Nicholas Merchant
Machine Learning Engineer with experience training billion-parameter generative models and building
high-throughput data pipelines across 1000+ GPUs. Specializes in scalable PyTorch training, structured
dataset curation, and distributed infra for large-scale multimodal systems.
Session
Building and curating datasets at internet scale is both powerful and messy. At Irreverent Labs, we recently released Re-LAION-Caption19M, a 19-million–image dataset with improved captions, alongside a companion arXiv paper. Behind the scenes, the project involved wrangling terabytes of raw data and designing pipelines that could produce a research-quality dataset while remaining resilient, efficient, and reproducible.

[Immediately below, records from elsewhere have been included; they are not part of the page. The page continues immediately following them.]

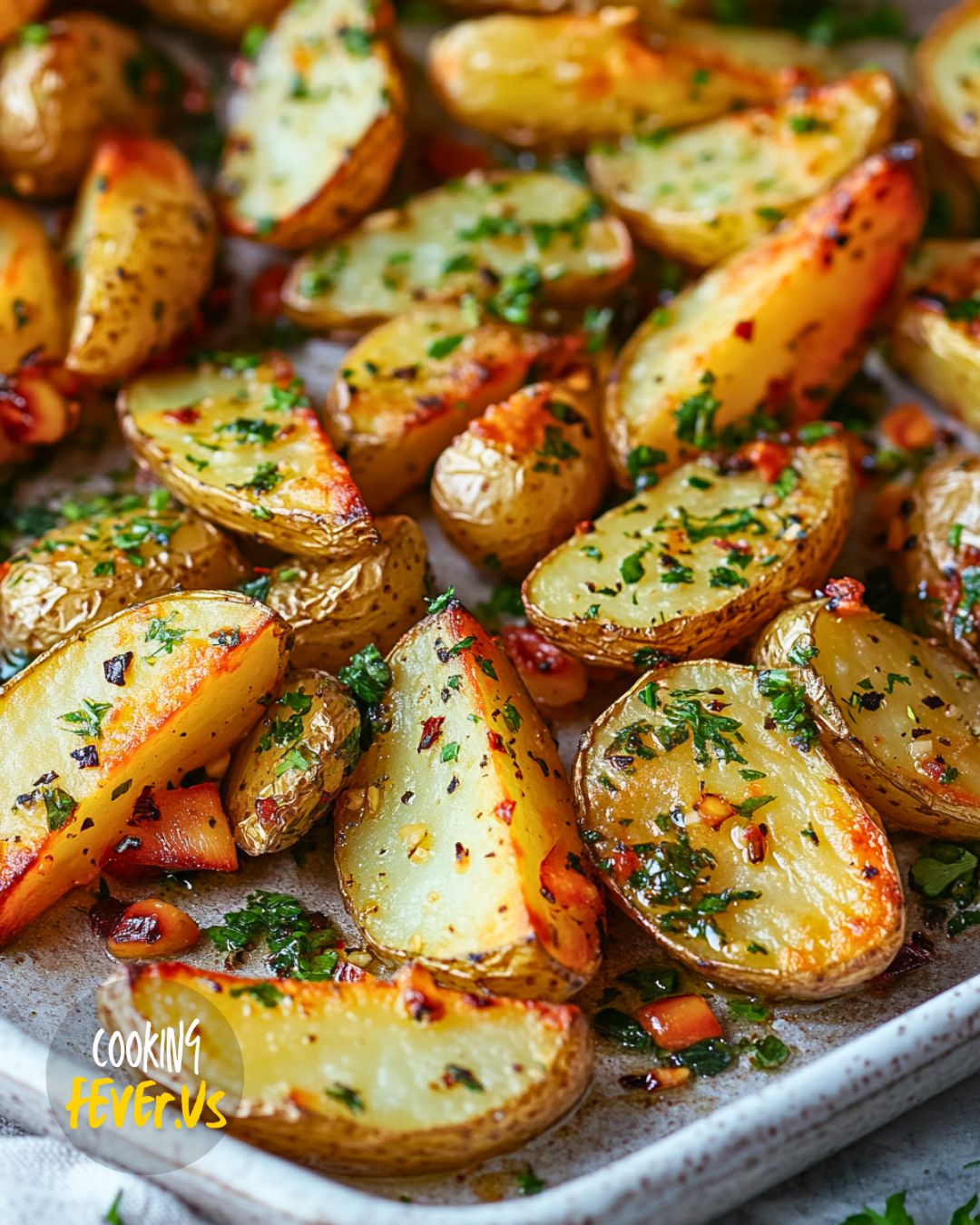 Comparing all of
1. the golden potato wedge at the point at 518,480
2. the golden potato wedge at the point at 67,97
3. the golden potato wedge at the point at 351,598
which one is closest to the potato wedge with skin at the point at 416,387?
the golden potato wedge at the point at 518,480

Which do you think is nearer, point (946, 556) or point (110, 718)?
point (110, 718)

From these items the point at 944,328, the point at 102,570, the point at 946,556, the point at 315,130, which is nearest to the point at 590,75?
the point at 315,130

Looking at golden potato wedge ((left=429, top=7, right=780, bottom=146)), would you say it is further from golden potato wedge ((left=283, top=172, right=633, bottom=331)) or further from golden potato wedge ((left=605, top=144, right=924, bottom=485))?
golden potato wedge ((left=605, top=144, right=924, bottom=485))

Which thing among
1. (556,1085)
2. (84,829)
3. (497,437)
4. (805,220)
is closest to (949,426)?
(805,220)

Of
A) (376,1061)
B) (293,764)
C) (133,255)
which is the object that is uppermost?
(133,255)

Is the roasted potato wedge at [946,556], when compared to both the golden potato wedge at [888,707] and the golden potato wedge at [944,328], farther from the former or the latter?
the golden potato wedge at [944,328]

In this talk, we’ll share some of the practical lessons we learned while engineering data at this scale. Topics include: strategies for ensuring data quality through a mix of automated metrics and human inspection; why building file manifests pays off when dealing with millions of files; effective use of Parquet, WDS and JSONL for metadata and intermediate results; pipeline patterns that favor parallel processing and fault tolerance; and how logging and dashboards can turn long-running jobs from opaque into observable.
Whether you’re working with images, text, or any other massive dataset, these patterns and pitfalls may help you design pipelines that are more robust, maintainable, and researcher-friendly.